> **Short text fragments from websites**
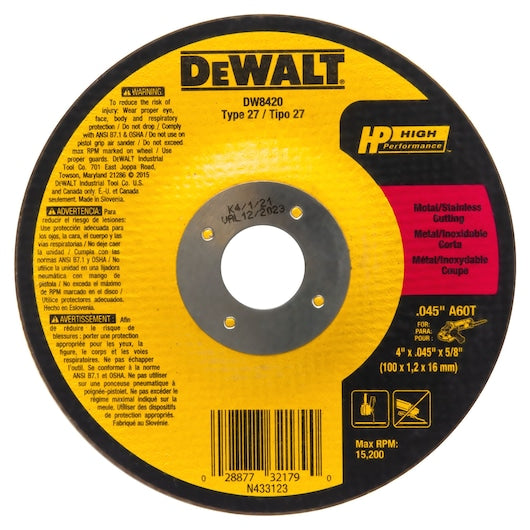 DEWALT HP Aluminum Oxide 5-in Multi-Grade Cut-Off Wheel, Type 27
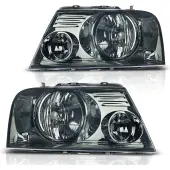 YITAMOTOR® 2004-2008 Ford F-150 OE Headlights Assembly Headlamp Chrome Housing Smoke Lens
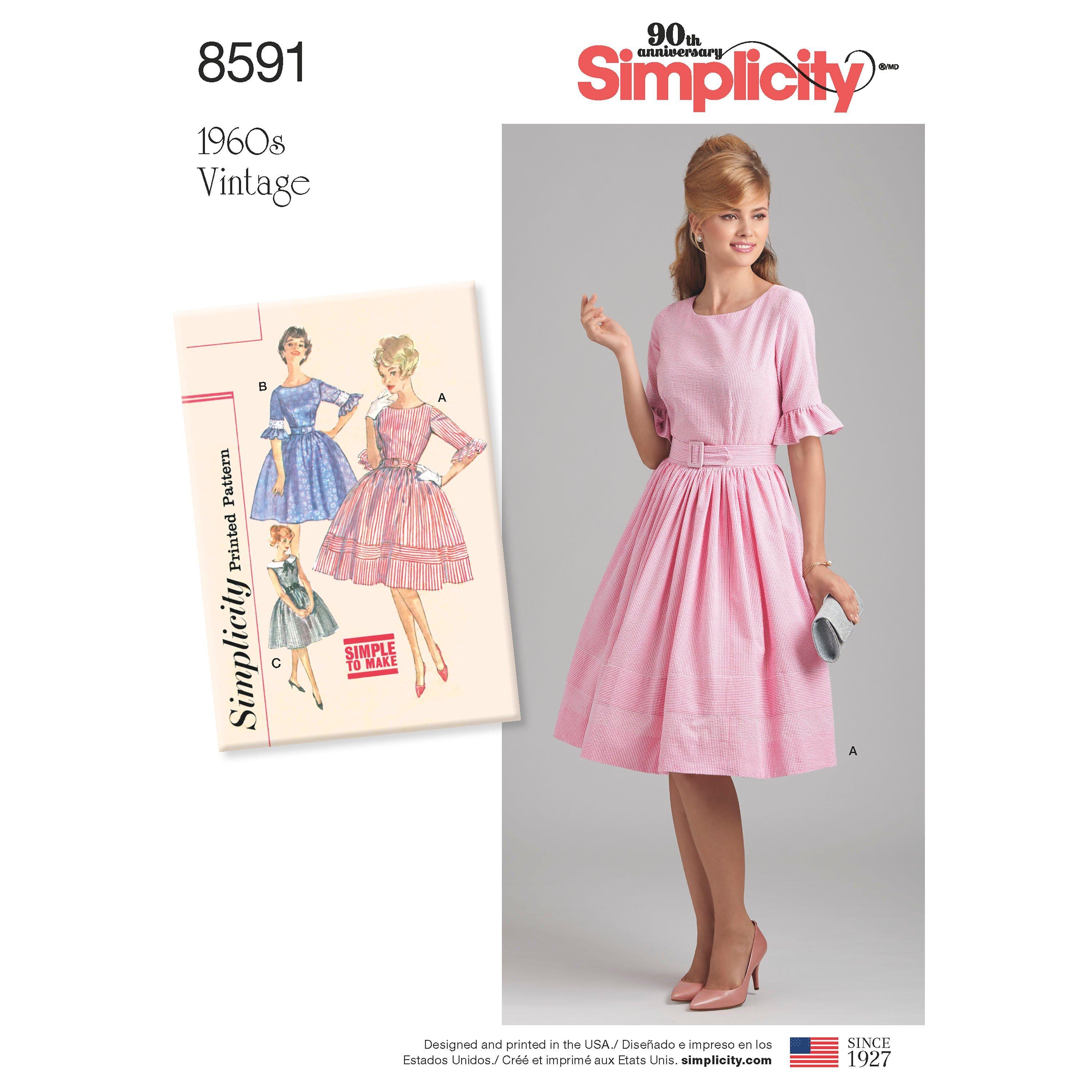 Simplicity Women's Vintage Dress Sewing Pattern, 8591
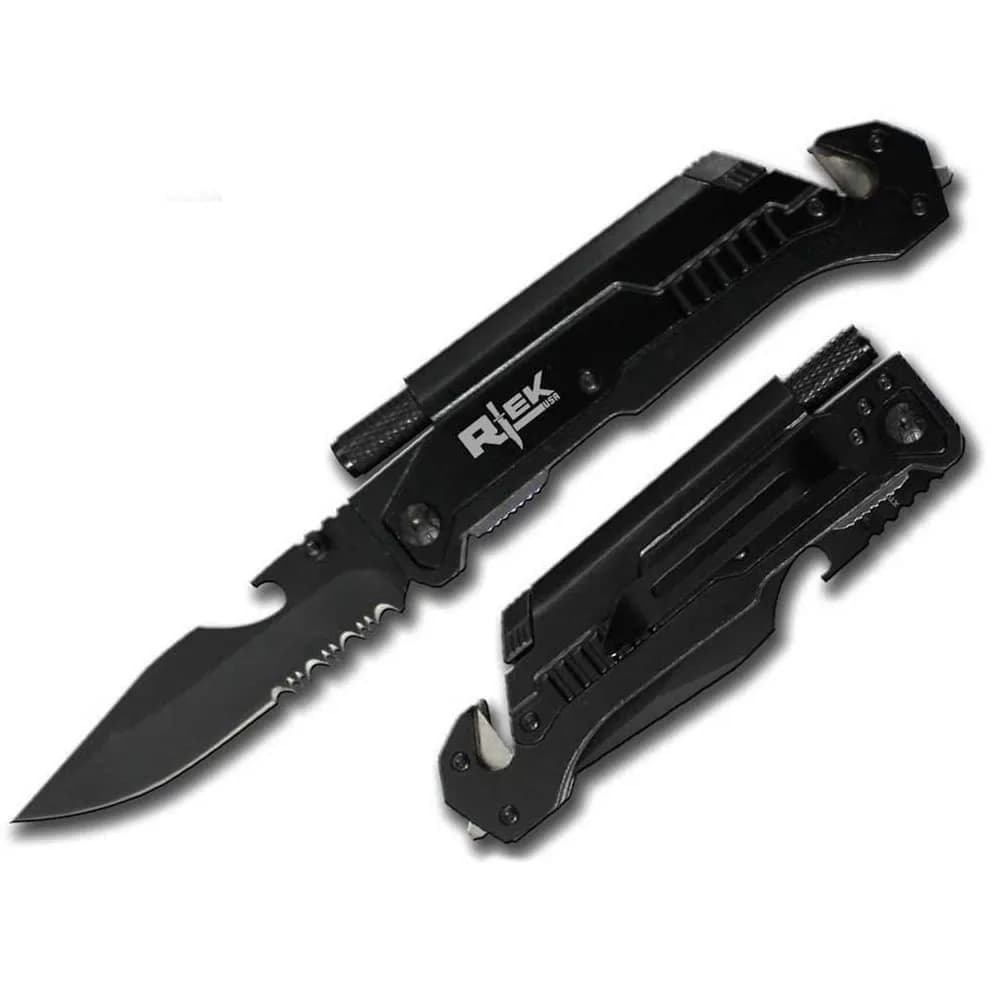 Rtek 9" Tactical Spring Assisted Black Survival Knife | 7-in-1 Rescue Tool with LED Light & Fire Starter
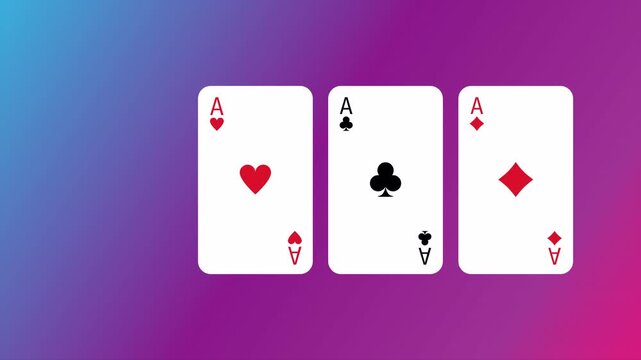 Four aces playing cards 4k video animation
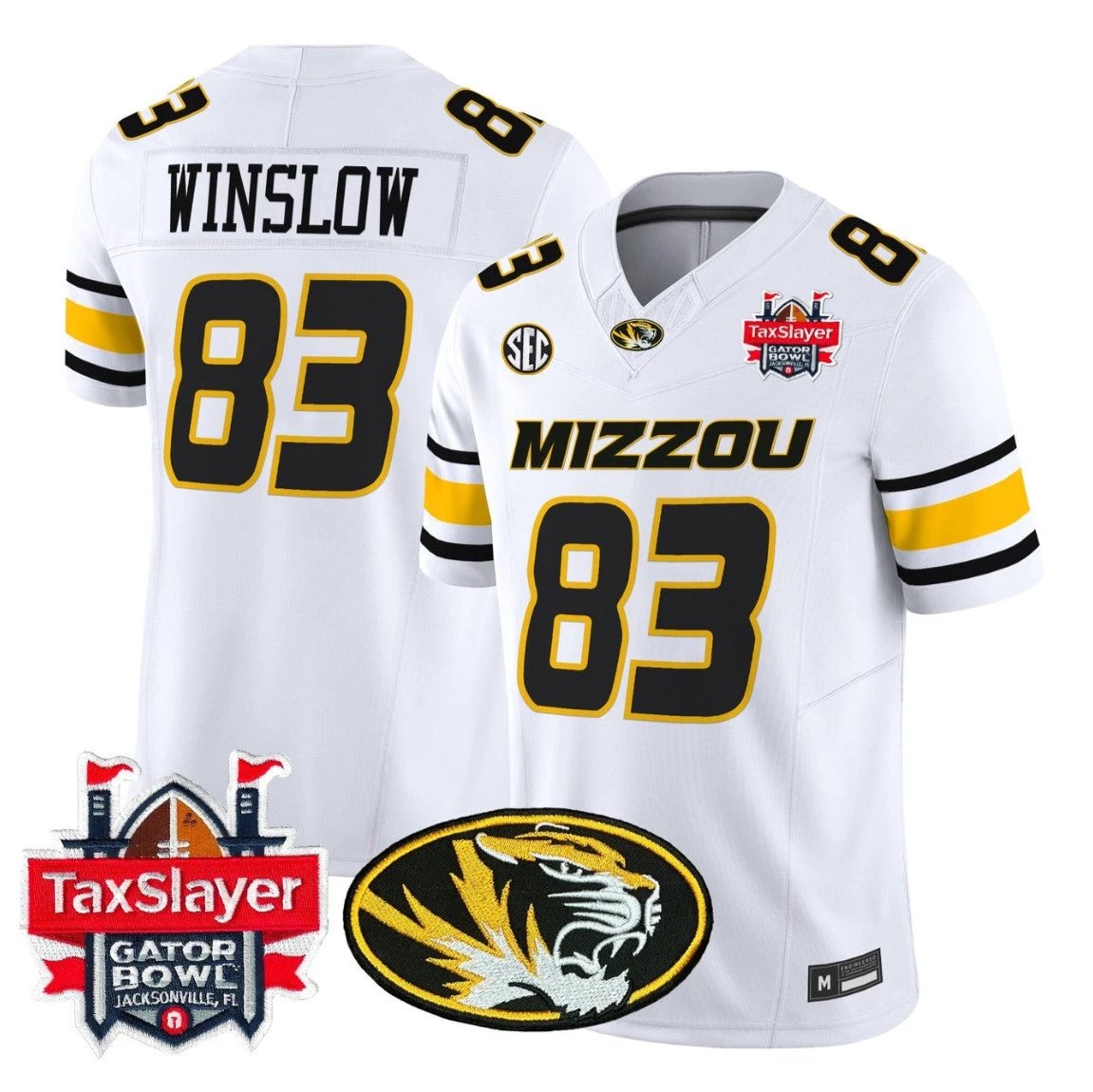 Kellen Winslow Jersey #83 Missouri Tigers 2025 Gator Bowl Vapor Stitched by My Store NCAA Football Jerseys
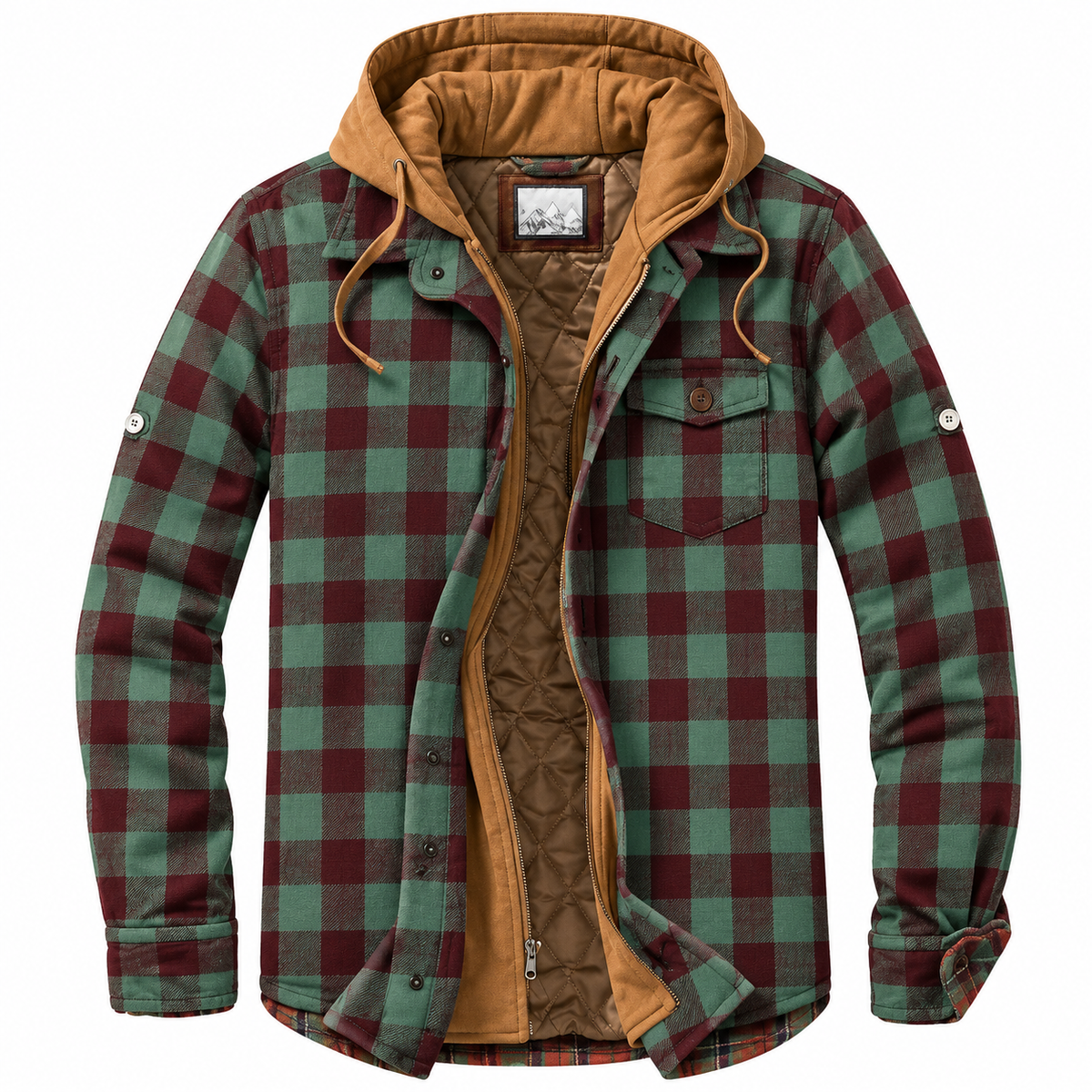 Aurelio - Chaqueta Urbana Acolchada de Cuadros para Hombre - vista 3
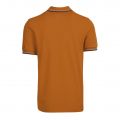 Mens Dark Caramel Twin Tipped S/s Polo Shirt 85085 by Fred Perry from Hurleys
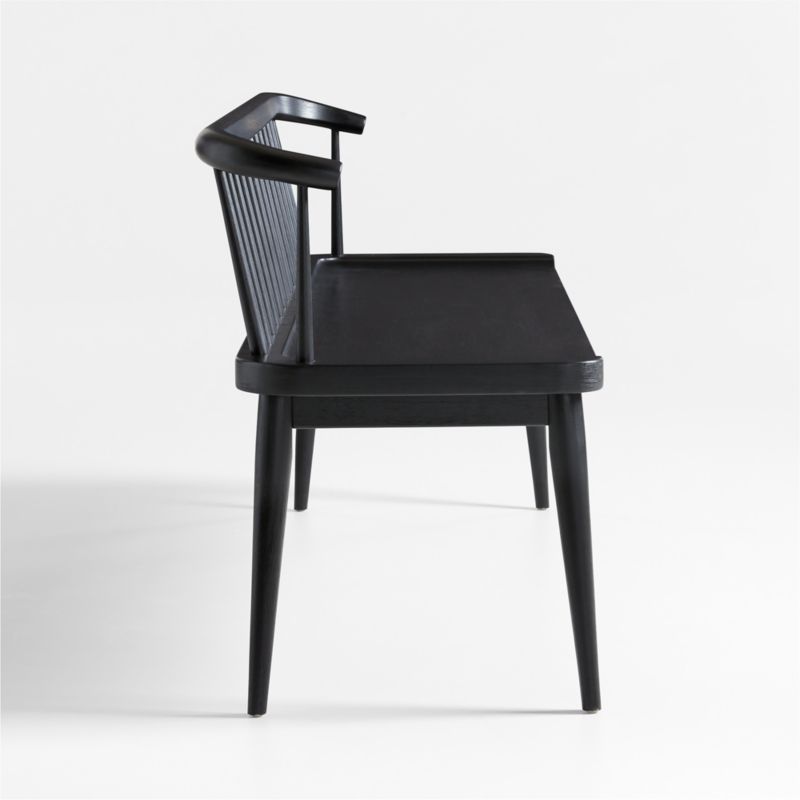 Pali Black Wood Dining Bench + Reviews Crate & Barrel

> **Work instructions**
If pictures appear among the records, do not carry them over; retype the rest exactly.

> **Solution to the problem**
 DEWALT HP Aluminum Oxide 5-in Multi-Grade Cut-Off Wheel, Type 27
 YITAMOTOR® 2004-2008 Ford F-150 OE Headlights Assembly Headlamp Chrome Housing Smoke Lens
 Simplicity Women's Vintage Dress Sewing Pattern, 8591
 Rtek 9" Tactical Spring Assisted Black Survival Knife | 7-in-1 Rescue Tool with LED Light & Fire Starter
 Four aces playing cards 4k video animation
 Kellen Winslow Jersey #83 Missouri Tigers 2025 Gator Bowl Vapor Stitched by My Store NCAA Football Jerseys
 Aurelio - Chaqueta Urbana Acolchada de Cuadros para Hombre - vista 3
 Mens Dark Caramel Twin Tipped S/s Polo Shirt 85085 by Fred Perry from Hurleys
 Pali Black Wood Dining Bench + Reviews Crate & Barrel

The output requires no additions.